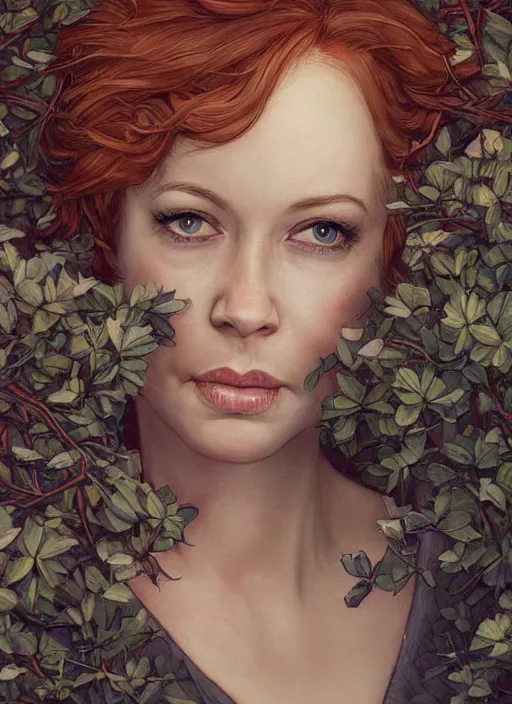 Image similar to tired Christina Hendricks taking a rest under a tree after an long adventure a ruggedly muscled handsome heroine, intricate, elegant, highly detailed, centered, digital painting, artstation, concept art, smooth, sharp focus, illustration, artgerm, donato giancola, Joseph Christian Leyendecker, WLOP, Artgerm, thunder storm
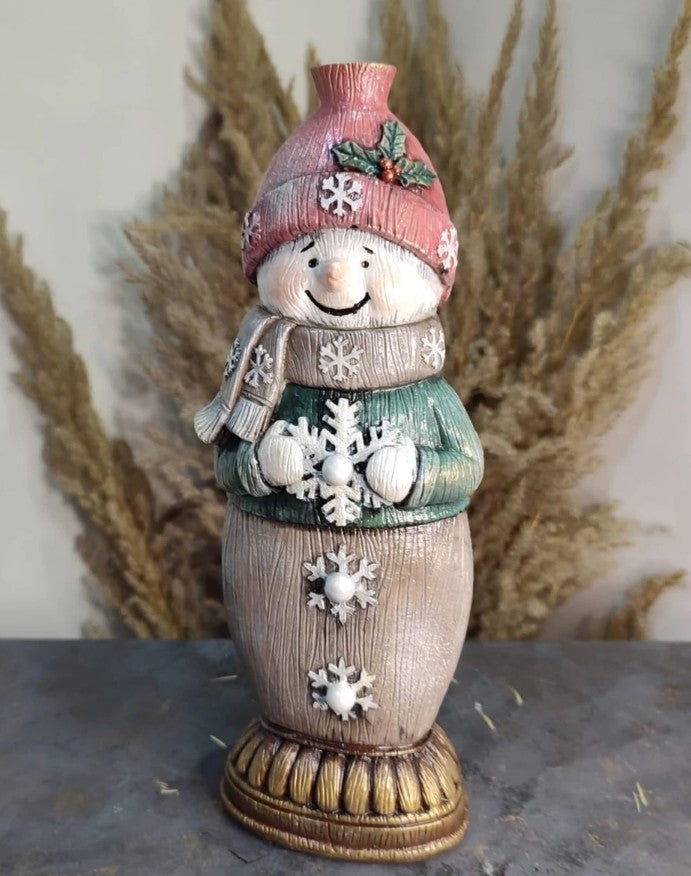 Handmade Snowman Decor, Christmas Snowman Statue, Holiday Table Ornament, Winter Home Sculpture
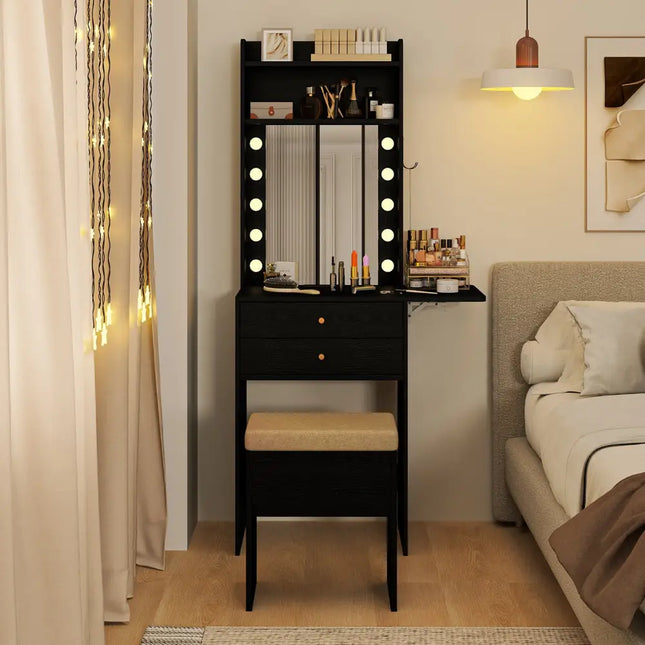Compact Vanity Desk Set with 3-Color Lighted Mirror and Power Outlets-Black - Black - Makeup Vanities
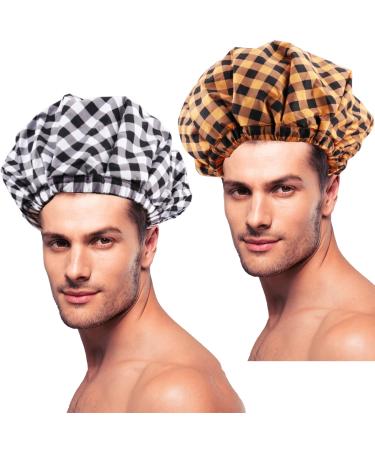 Kaiersi Shower Cap For Men Large Waterproof Bath Cap Double Layer Bathing cap Reusable Adjustable Elastic Hair Cap For Braids Locs  Dreadlocks  2 Plaid Colors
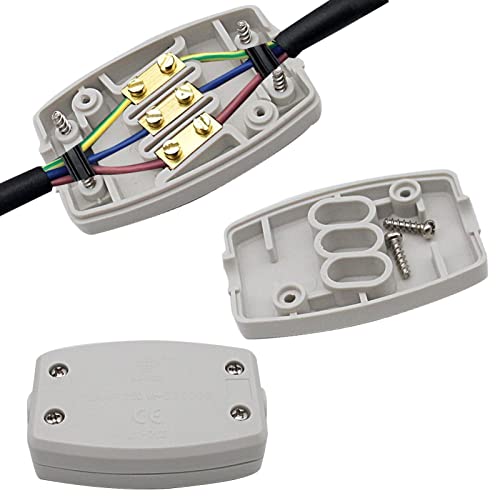 2 Stück 3-polige elektrische Abzweigdose, Flex-Stecker, grau, 250 V, 13 A, Kabelverbinder, Box, flexibler Steckverbinder für Außenbeleuchtung, elektrische Stromversorgung und Automobilverkabelung 2 Stück 3-polige elektrische Abzweigdose, Flex-Stecker, grau, 250 V, 13 A, Kabelverbinder, Box, flexibler Steckverbinder für Außenbeleuchtung, elektrische Stromversorgung und Automobilverkabelung von Karjiaja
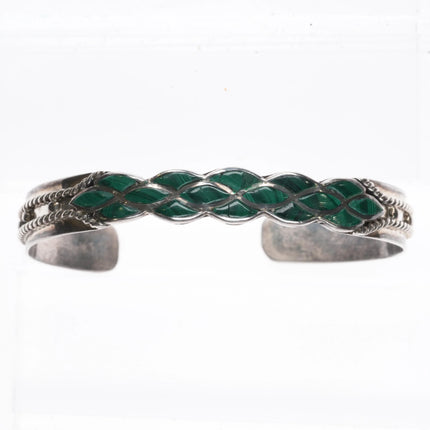 6.7" DL Chavez Zuni sterling silver malachite channel inlay cuff bracelet - Estate Fresh Austin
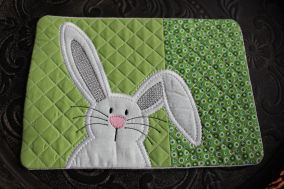 Mug Rug Quilted Bunny 1 | Machine Embroidery Designs by JuJu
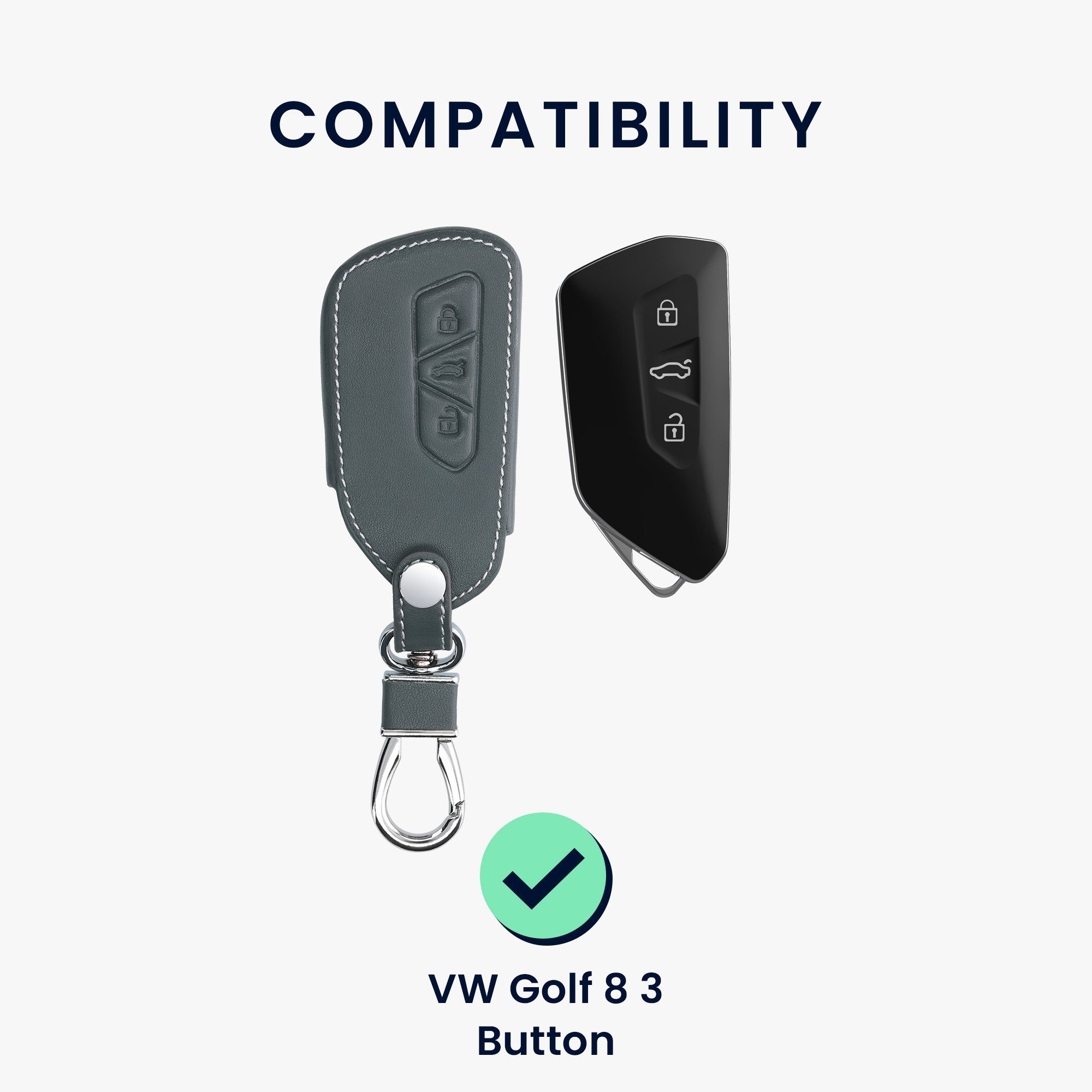 Case für Hülle Autoschlüssel Cover VW Anthrazit Golf Schlüsselhülle Schlüsseltasche kwmobile 8, Kunstleder Schlüssel
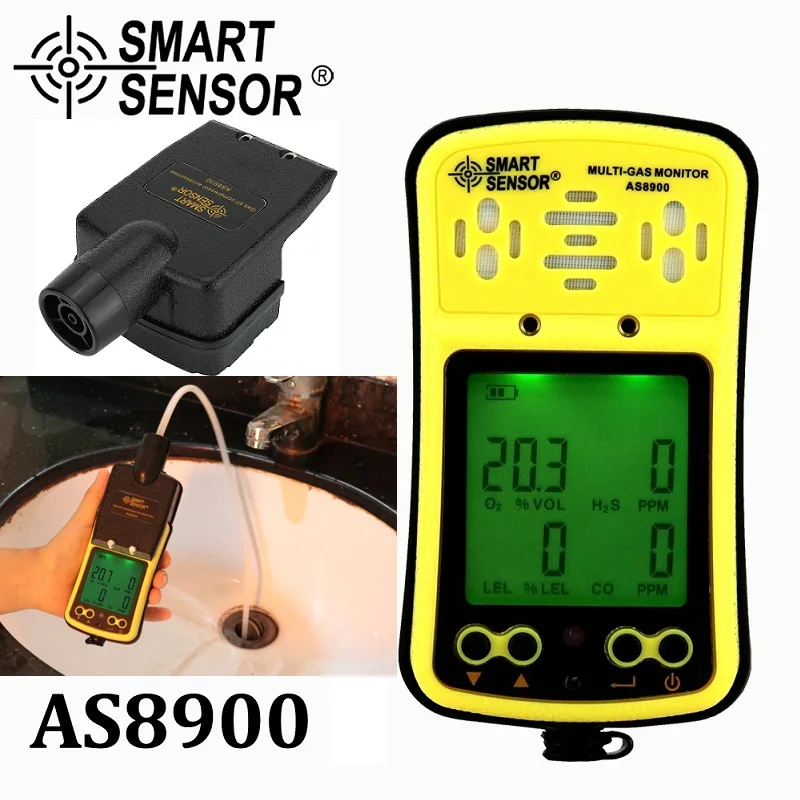AS8900 and Pump Цифровой многофункциональный детектор газа 4 в 1 O2 H2S CO LEL анализатор газа кислородный сероводород окись углерода горючий газоанализатор - Цвет: AS8900 and Pump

- [AIM OF THE EXERCISE] A faithful copy of each entry is required, and no picture may be carried into it.

- [EXPECTED ANSWER]
 Image similar to tired Christina Hendricks taking a rest under a tree after an long adventure a ruggedly muscled handsome heroine, intricate, elegant, highly detailed, centered, digital painting, artstation, concept art, smooth, sharp focus, illustration, artgerm, donato giancola, Joseph Christian Leyendecker, WLOP, Artgerm, thunder storm
 Handmade Snowman Decor, Christmas Snowman Statue, Holiday Table Ornament, Winter Home Sculpture
Compact Vanity Desk Set with 3-Color Lighted Mirror and Power Outlets-Black - Black - Makeup Vanities
 Kaiersi Shower Cap For Men Large Waterproof Bath Cap Double Layer Bathing cap Reusable Adjustable Elastic Hair Cap For Braids Locs  Dreadlocks  2 Plaid Colors
 2 Stück 3-polige elektrische Abzweigdose, Flex-Stecker, grau, 250 V, 13 A, Kabelverbinder, Box, flexibler Steckverbinder für Außenbeleuchtung, elektrische Stromversorgung und Automobilverkabelung 2 Stück 3-polige elektrische Abzweigdose, Flex-Stecker, grau, 250 V, 13 A, Kabelverbinder, Box, flexibler Steckverbinder für Außenbeleuchtung, elektrische Stromversorgung und Automobilverkabelung von Karjiaja
 6.7" DL Chavez Zuni sterling silver malachite channel inlay cuff bracelet - Estate Fresh Austin
 Mug Rug Quilted Bunny 1 | Machine Embroidery Designs by JuJu
 Case für Hülle Autoschlüssel Cover VW Anthrazit Golf Schlüsselhülle Schlüsseltasche kwmobile 8, Kunstleder Schlüssel
AS8900 and Pump Цифровой многофункциональный детектор газа 4 в 1 O2 H2S CO LEL анализатор газа кислородный сероводород окись углерода горючий газоанализатор - Цвет: AS8900 and Pump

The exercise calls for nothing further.